-- Given records --
+++++
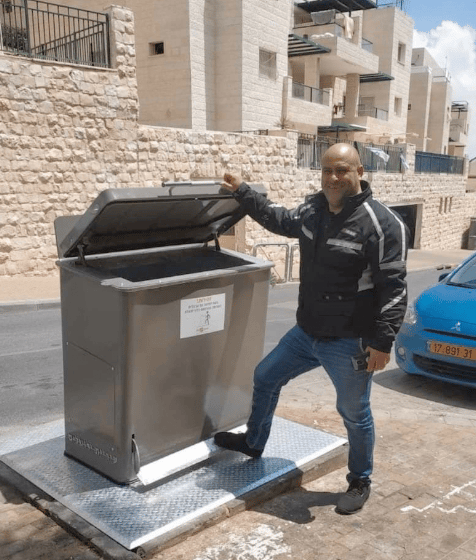 גורני ליד פח אשפה מוטמן
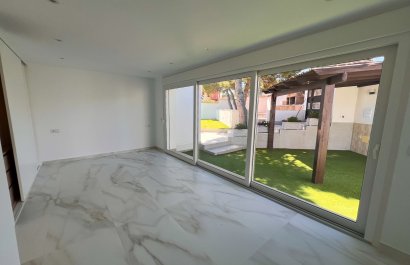 Resale - Villa - Torrevieia - Los Balcones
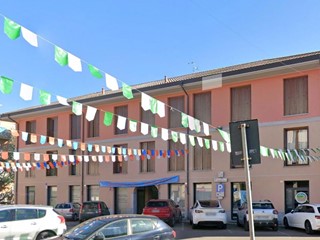 Quadrilocale in Vendita a Dairago, 81'000&euro;, 71 m²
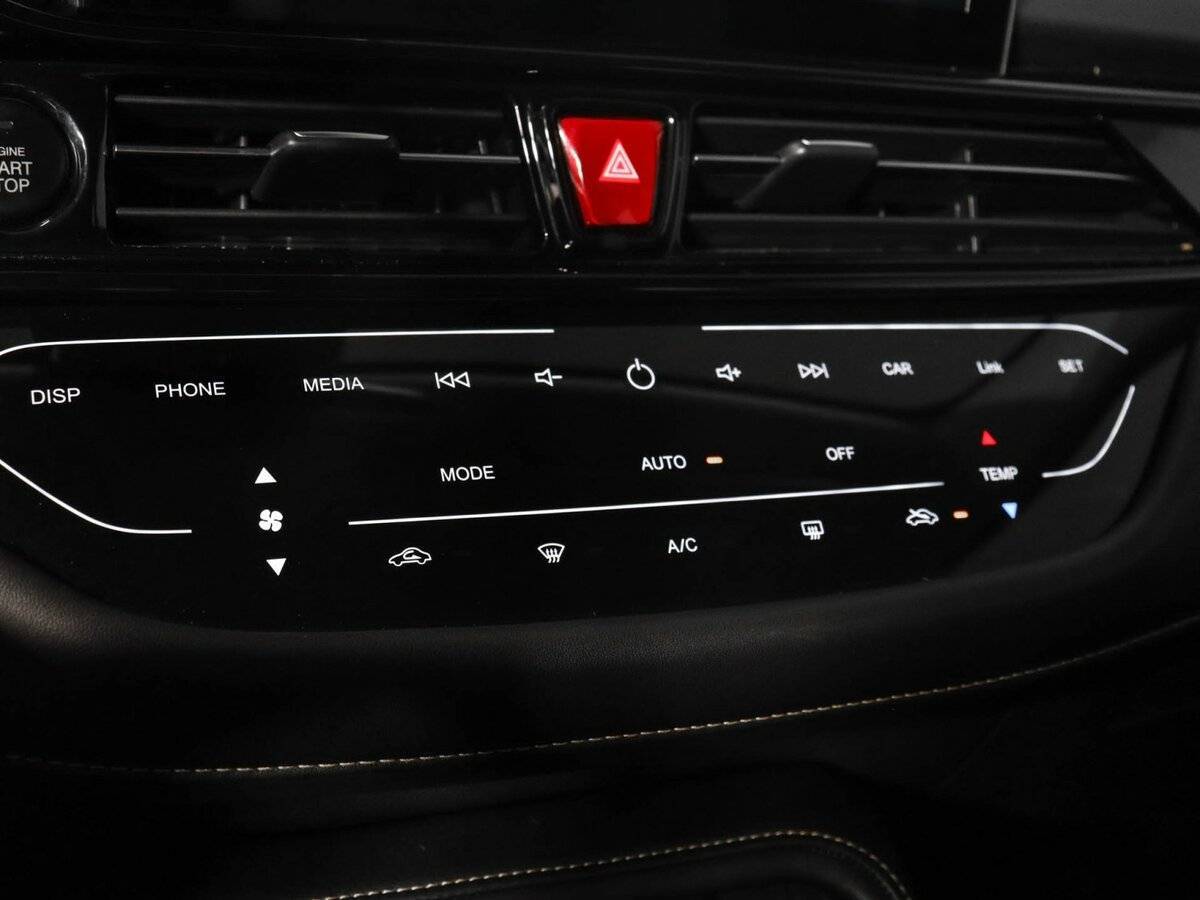 Москвич 3 2023 года с пробегом. Фото: #13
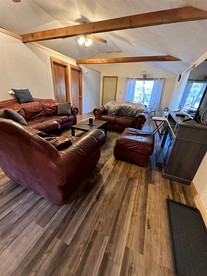 Peaceful Waterfront Cottage on Crooked River near Portland and Sebago Lake, Maine - Casco, Maine - glamping.directory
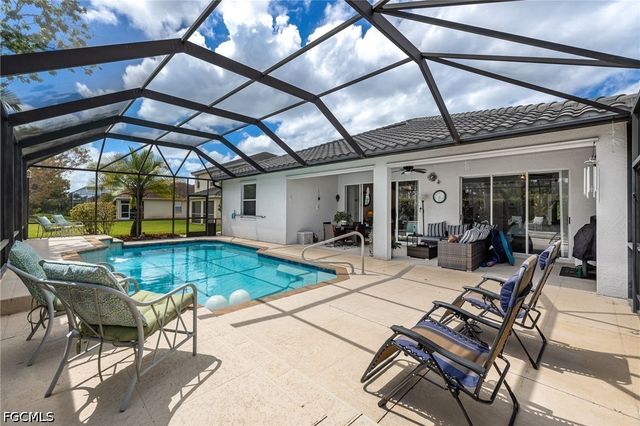 11062 Lakeland CIR, Fort Myers, FL 33913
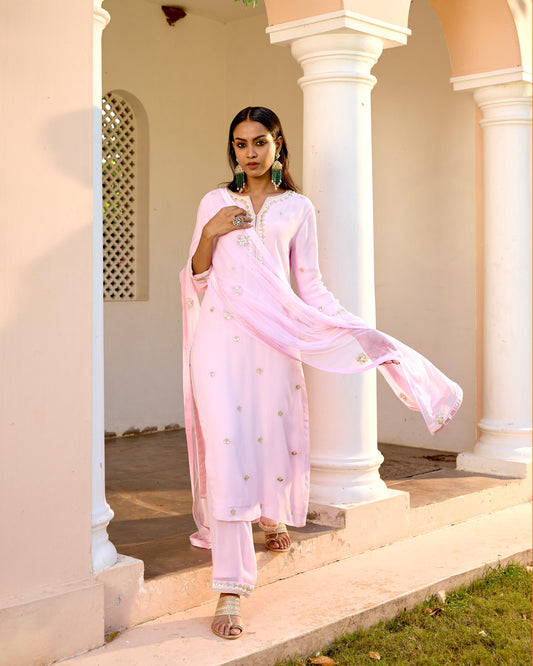 Mastaani Pink Kurta Set with Gota Patti
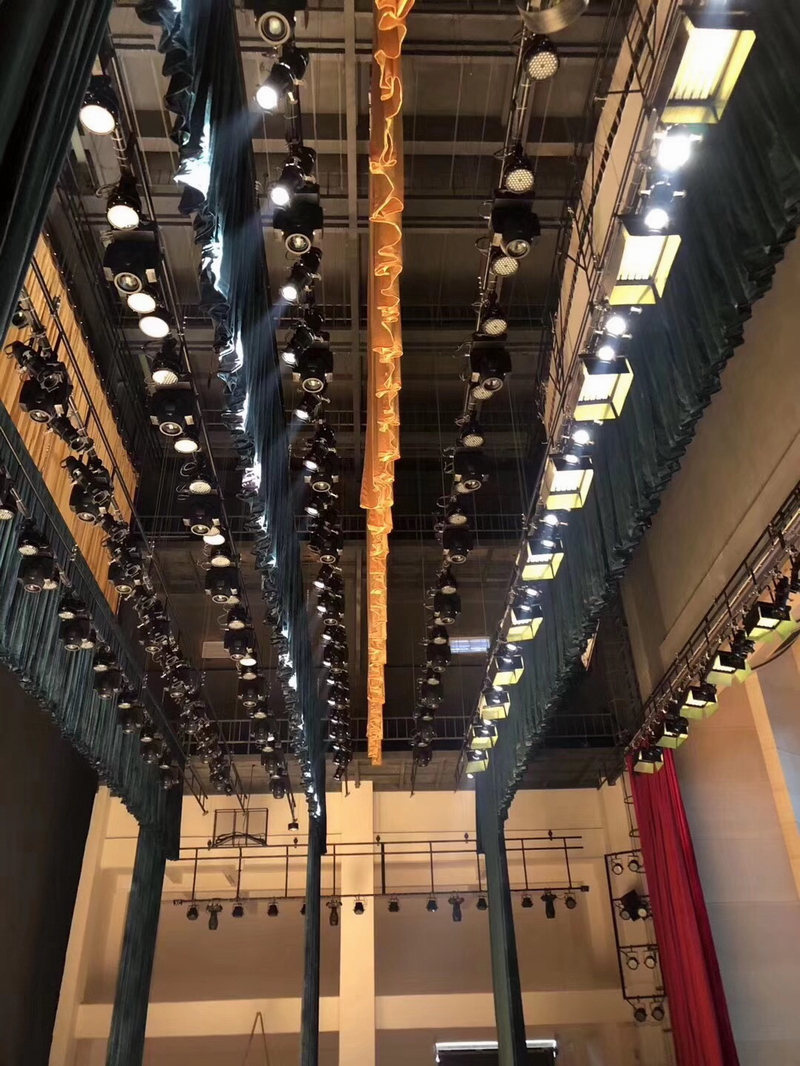 從專業(yè)角度來說舞臺機械設(shè)備安裝有嚴格的規(guī)范流程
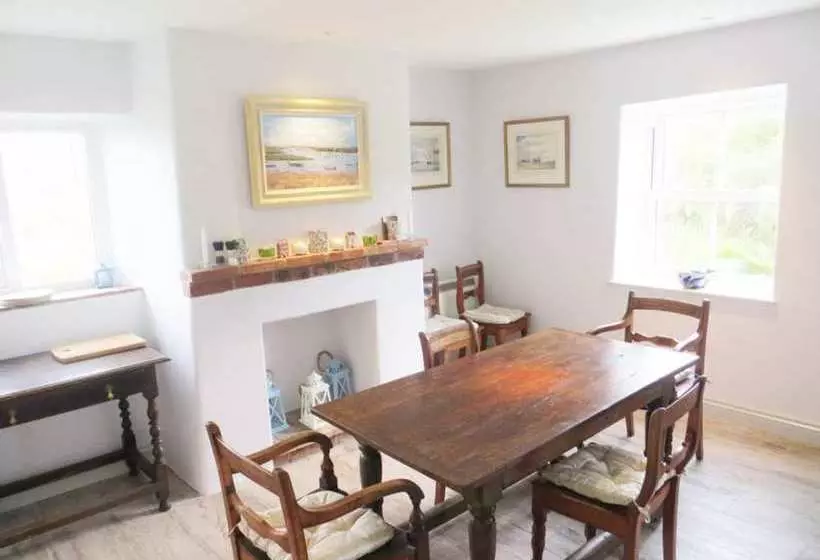 Island House...unique Situation With Harbour Views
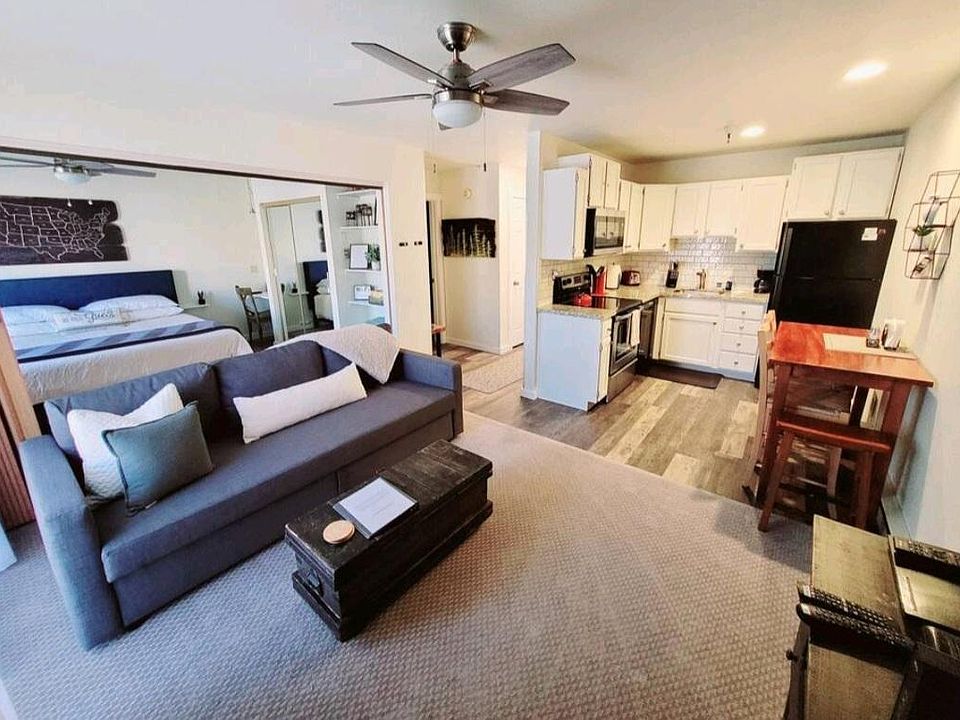 1st image of 1940 Prospector Ave #30
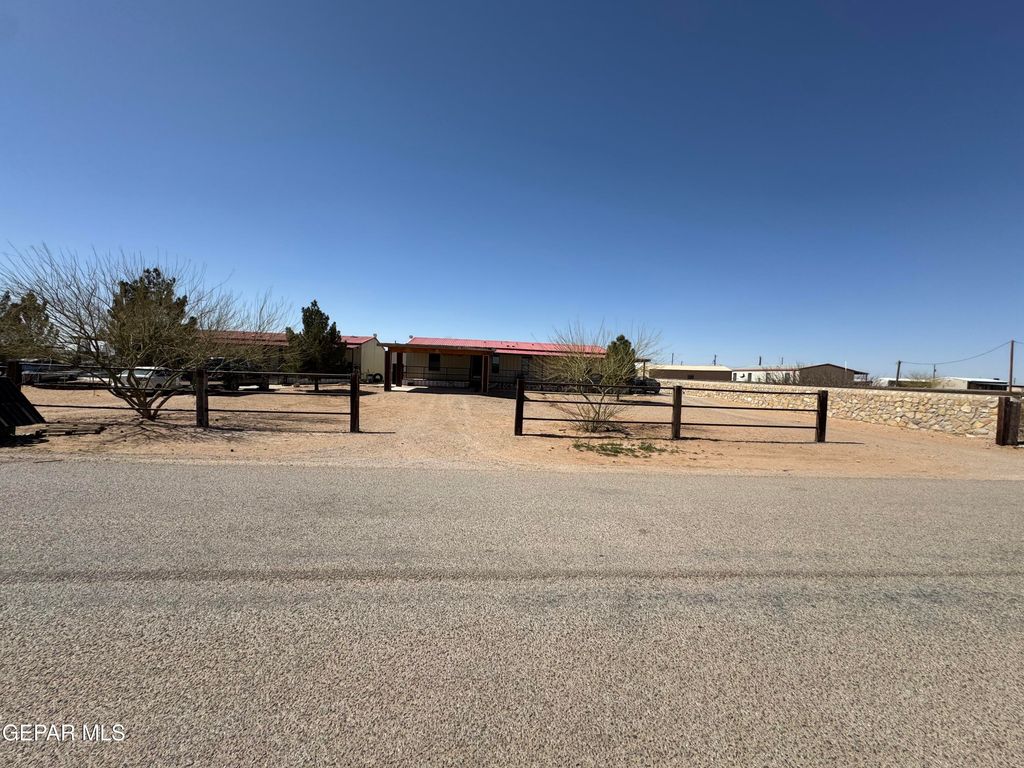 15072 Mandeville Avenue, Horizon City, TX 79928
+++++
-- The problem --
Transcribe nothing but the lines from the one containing "Resale - Villa - Torrevieia - Los Balcones" through the final line of the records, exactly as written and without pictures.

-- Response --
 Resale - Villa - Torrevieia - Los Balcones
 Quadrilocale in Vendita a Dairago, 81'000&euro;, 71 m²
 Москвич 3 2023 года с пробегом. Фото: #13
 Peaceful Waterfront Cottage on Crooked River near Portland and Sebago Lake, Maine - Casco, Maine - glamping.directory
 11062 Lakeland CIR, Fort Myers, FL 33913
 Mastaani Pink Kurta Set with Gota Patti
 從專業(yè)角度來說舞臺機械設(shè)備安裝有嚴格的規(guī)范流程
 Island House...unique Situation With Harbour Views
 1st image of 1940 Prospector Ave #30
 15072 Mandeville Avenue, Horizon City, TX 79928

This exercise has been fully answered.